On 2/6/21 6:06 AM, Atul Kumar wrote:

Hi Gavan,

Thanks for providing the details, I need more clarification on this as how
should I analyze that what should be ideal no. of connections should we set
to avoid IO overhead based on the available hardware resources.
How to do this calculation ?

Run "iotop -o -u postgres", and then compare that with the total bandwidth
available to the system.  If it's (even almost) saturated, then everything else
will be starved.

The "--jobs=" value should AT MOST be some *small* multiple of the number of
CPUs (like 1x, 1.5x or maybe 2x if the core count is low, and nothing else is
running on the system.

While this is generally good advice, Atul reported earlier in the thread
that CPU consumption is only 1 to 4 %. So the problem is clearly not
related to CPU usage, but very probably (as some have already noted) on
I/O. You could use a similar rule of thumb for disks ("a small multiple
of the number of disks") but with SSDs this might not be very accurate.
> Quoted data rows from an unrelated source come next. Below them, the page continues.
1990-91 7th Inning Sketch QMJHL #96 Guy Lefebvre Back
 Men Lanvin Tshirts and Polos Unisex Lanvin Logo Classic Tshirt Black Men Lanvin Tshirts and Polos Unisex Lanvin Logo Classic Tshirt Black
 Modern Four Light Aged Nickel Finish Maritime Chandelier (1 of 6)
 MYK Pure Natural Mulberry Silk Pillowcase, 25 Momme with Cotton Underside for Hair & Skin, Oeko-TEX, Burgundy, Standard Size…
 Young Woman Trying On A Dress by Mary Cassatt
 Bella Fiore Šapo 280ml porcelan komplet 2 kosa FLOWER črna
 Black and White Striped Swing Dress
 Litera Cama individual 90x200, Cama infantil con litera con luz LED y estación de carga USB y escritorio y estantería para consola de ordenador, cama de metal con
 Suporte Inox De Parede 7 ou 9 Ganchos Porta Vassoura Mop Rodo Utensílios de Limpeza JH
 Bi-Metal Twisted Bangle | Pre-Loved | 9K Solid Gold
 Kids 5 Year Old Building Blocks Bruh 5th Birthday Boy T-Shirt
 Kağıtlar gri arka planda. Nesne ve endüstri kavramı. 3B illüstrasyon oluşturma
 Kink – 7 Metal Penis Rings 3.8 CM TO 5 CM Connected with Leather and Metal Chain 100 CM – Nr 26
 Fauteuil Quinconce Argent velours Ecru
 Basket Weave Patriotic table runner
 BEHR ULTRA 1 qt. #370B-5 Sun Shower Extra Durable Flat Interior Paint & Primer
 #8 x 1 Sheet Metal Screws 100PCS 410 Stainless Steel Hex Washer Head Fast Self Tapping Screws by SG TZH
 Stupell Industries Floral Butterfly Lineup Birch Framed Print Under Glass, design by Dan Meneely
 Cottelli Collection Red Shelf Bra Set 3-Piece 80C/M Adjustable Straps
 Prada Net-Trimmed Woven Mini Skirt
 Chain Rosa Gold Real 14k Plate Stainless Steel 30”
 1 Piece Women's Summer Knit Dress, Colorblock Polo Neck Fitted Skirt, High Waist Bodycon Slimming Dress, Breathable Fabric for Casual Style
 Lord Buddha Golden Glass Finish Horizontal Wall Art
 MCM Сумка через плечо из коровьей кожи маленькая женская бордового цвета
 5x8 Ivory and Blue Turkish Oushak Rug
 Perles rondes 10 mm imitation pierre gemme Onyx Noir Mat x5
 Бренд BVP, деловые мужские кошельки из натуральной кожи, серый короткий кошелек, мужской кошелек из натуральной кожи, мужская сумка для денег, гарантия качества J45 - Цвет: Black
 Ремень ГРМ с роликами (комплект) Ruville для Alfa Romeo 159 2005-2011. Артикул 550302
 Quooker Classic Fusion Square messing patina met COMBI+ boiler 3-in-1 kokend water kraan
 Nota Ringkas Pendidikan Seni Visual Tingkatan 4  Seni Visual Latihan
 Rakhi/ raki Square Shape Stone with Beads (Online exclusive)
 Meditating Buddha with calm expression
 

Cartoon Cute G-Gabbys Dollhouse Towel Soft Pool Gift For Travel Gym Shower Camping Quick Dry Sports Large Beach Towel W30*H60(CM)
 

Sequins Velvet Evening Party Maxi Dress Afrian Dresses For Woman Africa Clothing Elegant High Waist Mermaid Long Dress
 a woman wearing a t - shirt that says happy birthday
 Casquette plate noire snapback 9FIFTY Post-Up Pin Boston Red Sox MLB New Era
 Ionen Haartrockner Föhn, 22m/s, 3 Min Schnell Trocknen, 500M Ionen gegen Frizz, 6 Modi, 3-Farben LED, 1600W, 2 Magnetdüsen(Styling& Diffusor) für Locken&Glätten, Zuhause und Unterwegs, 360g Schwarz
I think the only method to get to the optimal number of vacuums
that can be run in parallel is to determine it experimentally:
300 is clearly too high. So try 150, 75, 37, etc. For each number try to
do some other work - is the performance acceptable? If yes, note the
time until vacuum is finished. FInally among those where the performance
was acceptable choose the value which was fastest.

(Note: If you do this on the same database, subsequent runs will benefit
from work already done, so the take the results with a grain of salt).

hp

--
_ | Peter J. Holzer | Story must make more sense than reality.